A notice has been posted where Banksy's biplane once was

A Banksy artwork has been removed from a car park in Liverpool so it can be installed in a new street art gallery.

The work, dubbed the Love Plane, was painted in 2011 and showed a biplane leaving a heart-shaped trail behind it.

The plane has now been removed from the wall of the outdoor car park on Rumford Street - but the heart has remained.

The plane will be displayed alongside other Banksy works from Liverpool in an indoor gallery specialising in street art in the city's Baltic Triangle.

The Sincura Group, which is known for removing, exhibiting and selling Banksy works, said it had removed the biplane, external.

The building that Banksy decorated is due for redevelopment and the biplane is being restored before it goes on show in its new home, the company said.

Sam Fishwick, a graffiti artist from Liverpool, dismissed the idea of a street art gallery. "It's not street art any more if it's hung up in a museum," he told the BBC.

"It's raw, it's gritty, it's on the street, it's not meant to be there.
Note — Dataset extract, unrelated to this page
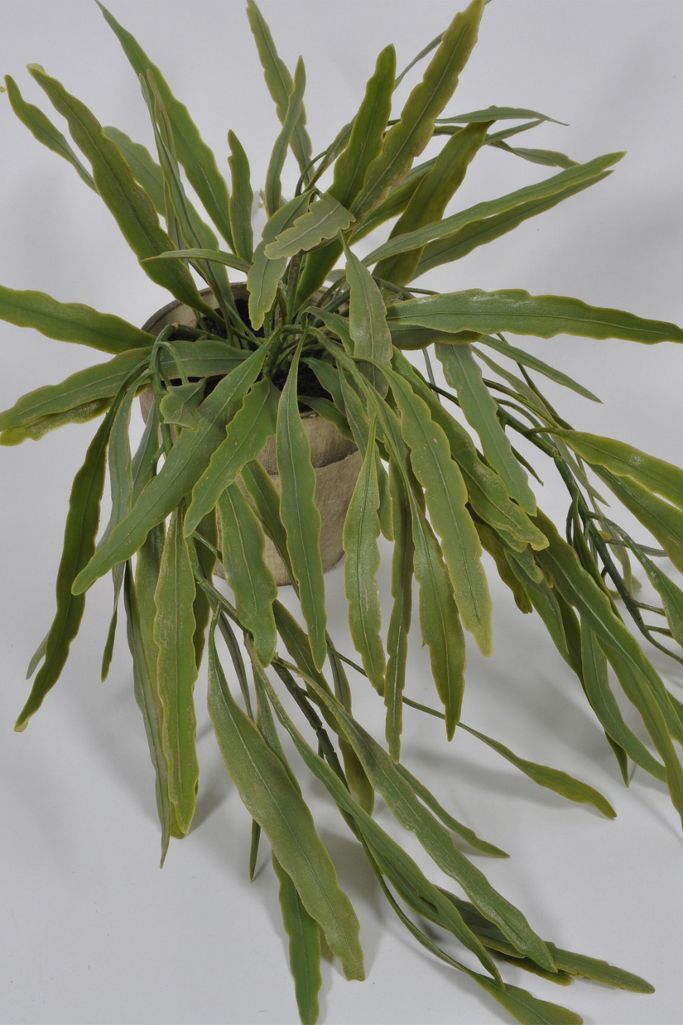 Faux Potted Plant Anthropologie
When you go and see it in a gallery it loses its charm, it loses its character."

Other works in the new gallery, named simply The Gallery, will include Banksy's gun-toting rat, which adorned the White Horse pub on Berry Street.

It was painted for the 2004 Liverpool Biennial art festival and was removed and restored but failed to sell at auction in 2014. The gallery will also contain a smaller rat, drawn to look as if it had painted the slogan "Never liked the Beatles".

Sincura is working with developers North Property Global to open the new gallery, billed as the UK's first street art gallery, in late 2017 or early 2018.

Image caption,

The Banksy biplane has been removed - but the heart has not

North Property Global founder Peter McInnes told BBC News the gallery was "a great chance to reclaim" art that was in danger of being lost.

Those involved in the gallery currently own six Banksys from the streets of Liverpool, he said, and "we've got our eye on another two or three which are around the city or have been restored or reclaimed".

The biplane's full heart is too big to extract, he explained. "The plan for the museum is to put the plane in there and replicate the heart directly in the museum."

Asked about the irony of moving street art indoors, he said: "It stirs a lot of emotions but my answer to that would be - the gun-toting rat, which is one of the biggest Banksys ever painted, would have been lost for ever.

"It was badly damaged and if we hadn't restored it, you'd have seen it in magazines and that's it. In the museum it would be seen by everybody and enjoyed by everybody."